What’s new: Models in the Hugging Face open source AI repository can attack users’ devices, according to cybersecurity experts at JFrog, a software firm. Meanwhile, a different team discovered a vulnerability in one of Hugging Face’s own security features.
Compromised uploads: JFrog developed scanned models on Hugging Face for known exploits. They flagged around 100 worrisome models. Flagged models may have been uploaded by other security researchers but pose hazards nonetheless, JFrog said.
- Around 50 percent of the flagged models were capable of hijacking objects on users’ devices. Around 20 percent opened a reverse shell on users’ devices, which theoretically allows an attacker to access them remotely. 95 percent of the flagged models were built using PyTorch, and the remainder were based on TensorFlow Keras.
- For instance, a model called goober2 (since deleted) took advantage of a vulnerability in Pickle, a Python module that serializes objects by a list or array into a byte stream and back again.

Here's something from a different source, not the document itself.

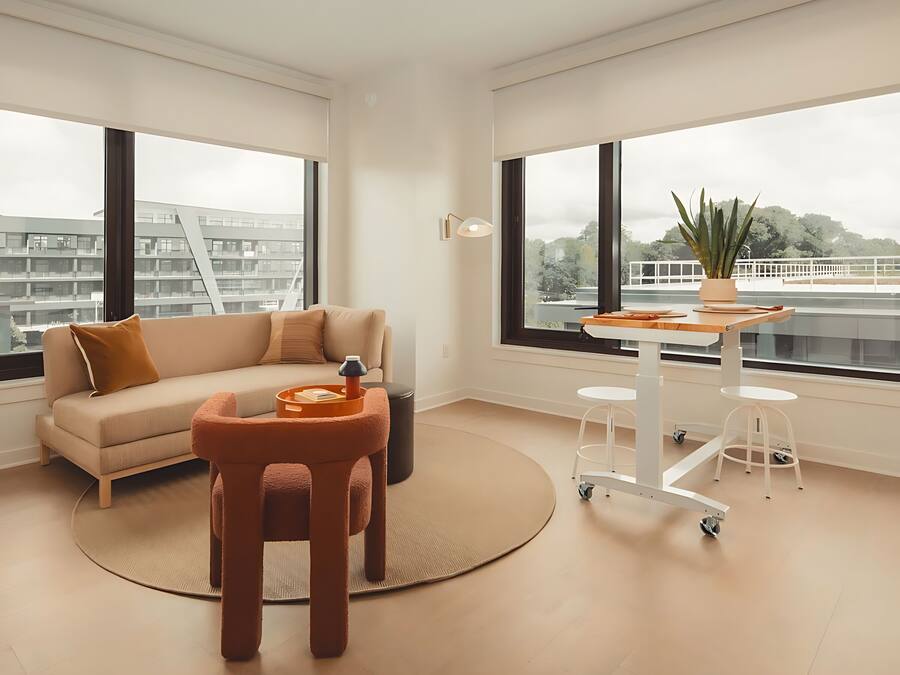 Una sala de estar moderna con un sofá, una mesita redonda y una mesa de centro. Amplias ventanas ofrecen vistas a un paisaje urbano.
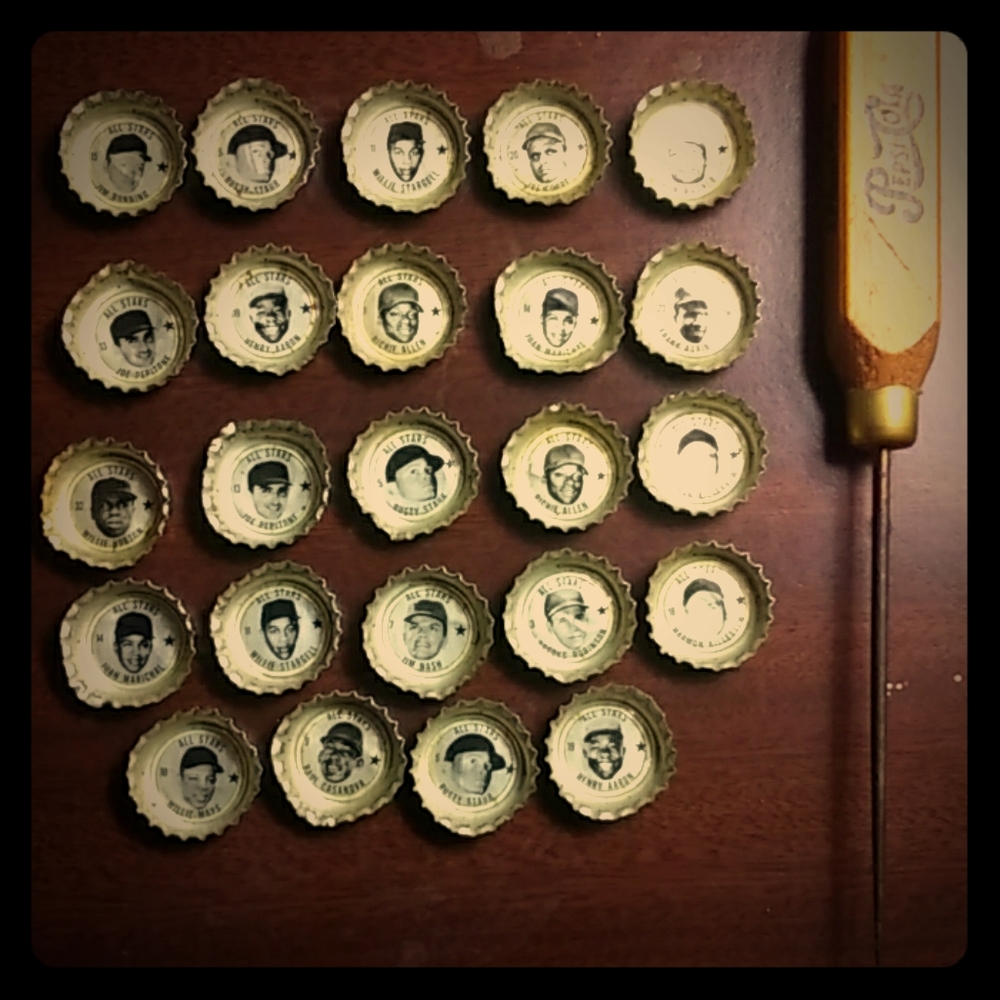 All star coke bottle caps and Pepsi cola ice pick.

The model, which had been uploaded to Hugging Face by a user named baller23, used Pickle to insert code into PyTorch that attempted to start a reverse shell connection to a remote IP address.
- The apparent origin of goober2 and many other flagged models — the South Korean research network KREONET — suggests that it may be a product of security researchers.
Malicious mimicry: Separately, HiddenLayer, a security startup, demonstrated a way to compromise Safetensors, an alternative to Pickle that stores data arrays more securely. The researchers built a malicious PyTorch model that enabled them to mimic the Safetensors conversion bot. In this way, an attacker could send pull requests to any model that gives security clearance to the Safetensors bot, making it possible to execute arbitrary code; view all repositories, model weights, and other data; and replace users’ models.
Behind the News: Hugging Face implements a variety of security measures. In most cases, it flags potential issues but does not remove the model from the site; users download at their own risk. Typically, security issues on the site arise when users inadvertently make their own information available. For instance, in December 2023, Lasso Security discovered available API tokens that afforded access to over 600 accounts belonging to organizations like Google, Meta, and Microsoft.
Why it matters: As the AI community grows, AI developers and users become more attractive targets for malicious attacks. Security teams have discovered vulnerabilities in popular platforms, obscure models, and essential modules like Safetensors.
We’re thinking: Security is a top priority whenever private data is concerned, but the time is fast approaching when AI platforms, developers, and users must harden their models, as well as their data, against attacks.